Reno Hill School District 5158; Memories of When the Water Came
The price paid for electricity
“They closed the school and flooded then,Folks had to change their living,
Sing praises to the Squaw Rapids dam
And power that its giving.
But all who lived at Mossy Vale,
Their lives have changed forever.
For things they knew and loved so much
Again they’ll see them never.
No more the kids will see their homes,
Though heart and soul be crying;
Gone are the haunts they loved so well,
‘Neath Tobin Lake they’re lying.
By Edith (Young) Vereshagin
Written after and inspired by the 1978 reunion at Reno Hill (excerpt)

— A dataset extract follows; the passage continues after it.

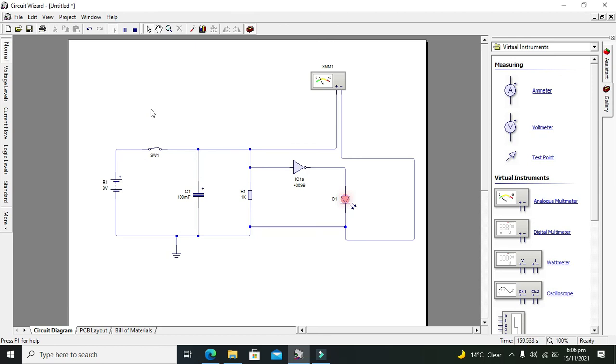Now you can see that our LED is on. So in this way we can make a time delay circuit with the help of a capacitor and a simple NOT gate IC. So hopefully you got the concept. Thanks for visiting our channel and don't forget to subscribe.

- “Change is the parent of progress.” Steve Maraboli, Life, the Truth, and Being Free
The E.B. Campbell Dam was first proposed as the “Squaw Rapids Dam” by the Saskatchewan Power Corporation and the Government of Saskatchewan. This hydroelectric dam was the province’s inaugural venture into providing electrical power. By the mid 1900s it was recognised that the province’s growing electrical energy demand was to soon surpass the existing facilities. In 1961, the province required 1,500,000,000 kilowatt-hours, by late 1964, the Squaw Rapids plant was constructed to produce 1,000,000,000 kilowatt-hours of energy from six 33,500-kilowatt hydraulic turbine generators. The building of the 110 foot (33.5 m) high dam commenced in the beginning of 1960 at an estimated cost of $46 million dollars. The dam is 2,370 feet (722 m) across between the banks of the river, and 620 feet (189 m) wide at the base of the dam, and allows for a two-lane highway across the deck of the dam. The Saskatchewan River was diverted in 1961, and by the fall of 1962, with the $57 million dollar dam completed, the river was closed, filling the dam reservoir. By June of 1963, Premier W.S. Lloyd opened the Squaw Rapids Dam in front of a crowd of approximately 3,000.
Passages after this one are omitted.